## Directions for this task
Copy exactly the line containing "Glamous Evening Dresses" and all the lines that follow it to the end of the records, minus the pictures.

## Supplied material
======

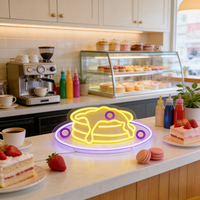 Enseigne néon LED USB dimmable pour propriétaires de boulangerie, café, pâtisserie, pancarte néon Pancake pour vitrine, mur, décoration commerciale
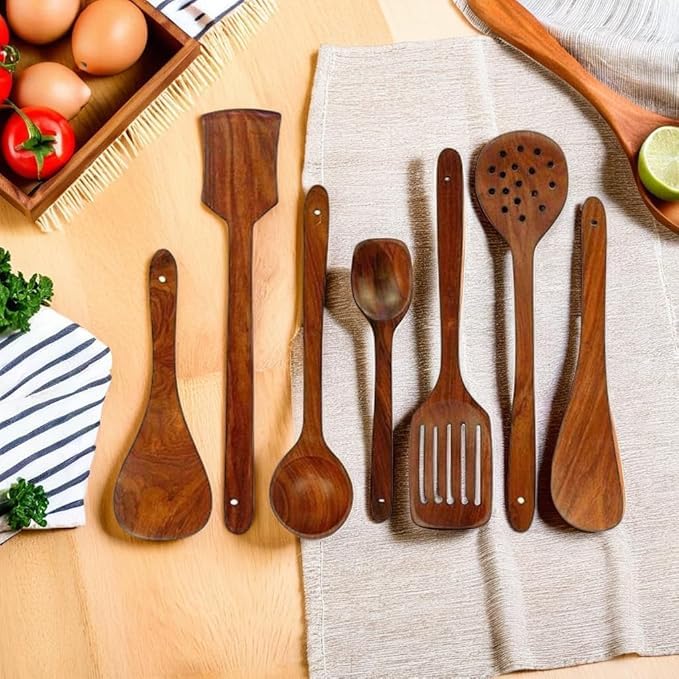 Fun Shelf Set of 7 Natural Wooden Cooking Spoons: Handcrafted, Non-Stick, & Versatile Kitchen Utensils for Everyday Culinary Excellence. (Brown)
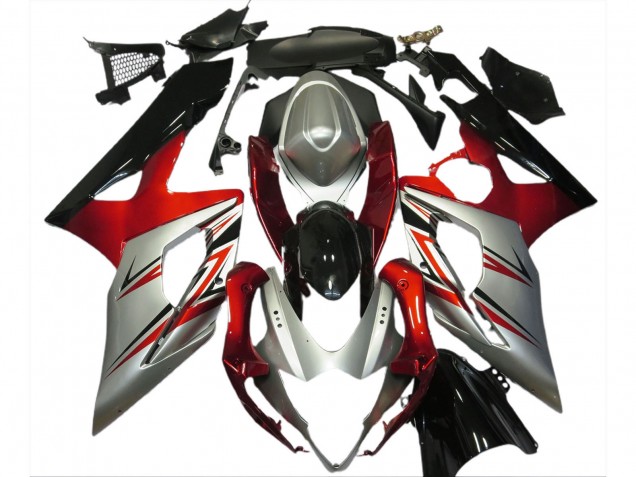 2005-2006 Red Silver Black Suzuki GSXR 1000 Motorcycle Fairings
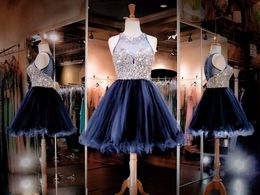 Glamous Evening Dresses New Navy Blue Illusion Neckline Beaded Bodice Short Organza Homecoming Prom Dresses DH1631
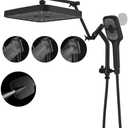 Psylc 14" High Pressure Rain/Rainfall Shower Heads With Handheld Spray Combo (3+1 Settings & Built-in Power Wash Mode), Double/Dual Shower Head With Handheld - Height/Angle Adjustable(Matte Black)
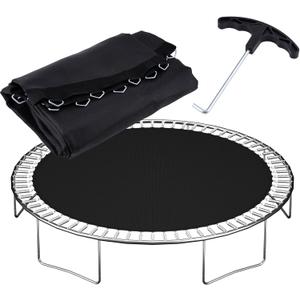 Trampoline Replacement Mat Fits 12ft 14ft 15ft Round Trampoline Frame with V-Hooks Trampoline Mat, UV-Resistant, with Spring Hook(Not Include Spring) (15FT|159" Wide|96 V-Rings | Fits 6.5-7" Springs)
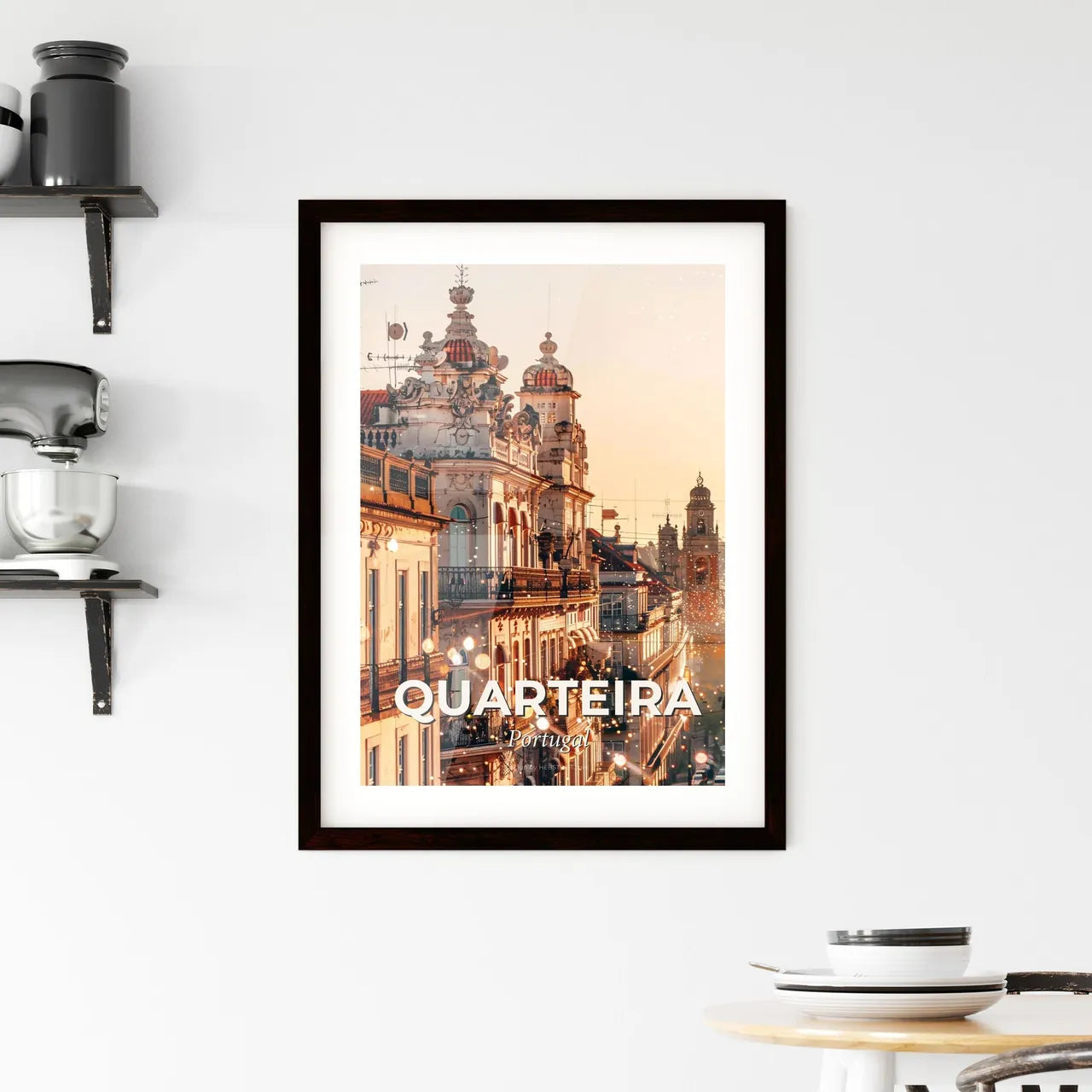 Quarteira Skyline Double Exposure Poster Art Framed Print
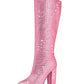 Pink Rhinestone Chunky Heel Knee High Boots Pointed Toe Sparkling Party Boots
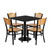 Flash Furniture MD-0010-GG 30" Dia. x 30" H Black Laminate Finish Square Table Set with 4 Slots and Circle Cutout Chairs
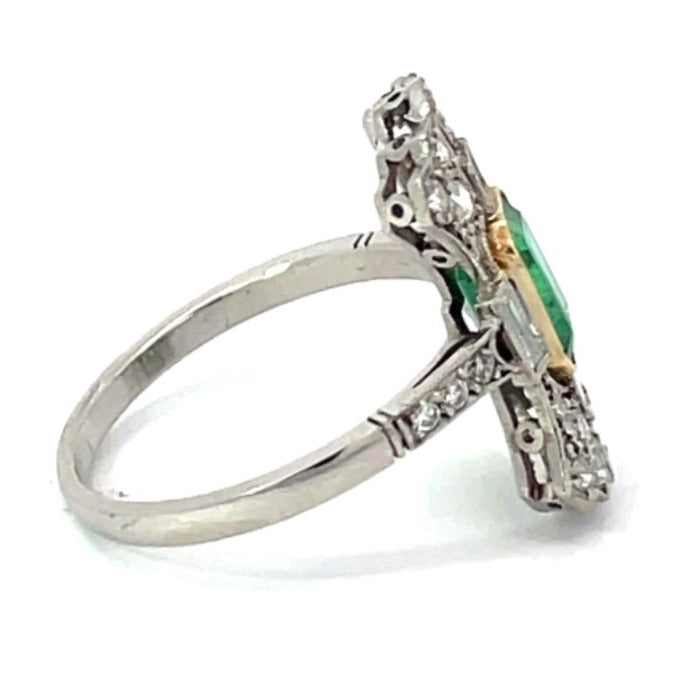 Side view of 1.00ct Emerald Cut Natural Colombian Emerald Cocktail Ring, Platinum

======

## Response to this task
 Glamous Evening Dresses New Navy Blue Illusion Neckline Beaded Bodice Short Organza Homecoming Prom Dresses DH1631
 Psylc 14" High Pressure Rain/Rainfall Shower Heads With Handheld Spray Combo (3+1 Settings & Built-in Power Wash Mode), Double/Dual Shower Head With Handheld - Height/Angle Adjustable(Matte Black)
 Trampoline Replacement Mat Fits 12ft 14ft 15ft Round Trampoline Frame with V-Hooks Trampoline Mat, UV-Resistant, with Spring Hook(Not Include Spring) (15FT|159" Wide|96 V-Rings | Fits 6.5-7" Springs)
 Quarteira Skyline Double Exposure Poster Art Framed Print
 Pink Rhinestone Chunky Heel Knee High Boots Pointed Toe Sparkling Party Boots
 Flash Furniture MD-0010-GG 30" Dia. x 30" H Black Laminate Finish Square Table Set with 4 Slots and Circle Cutout Chairs
 Side view of 1.00ct Emerald Cut Natural Colombian Emerald Cocktail Ring, Platinum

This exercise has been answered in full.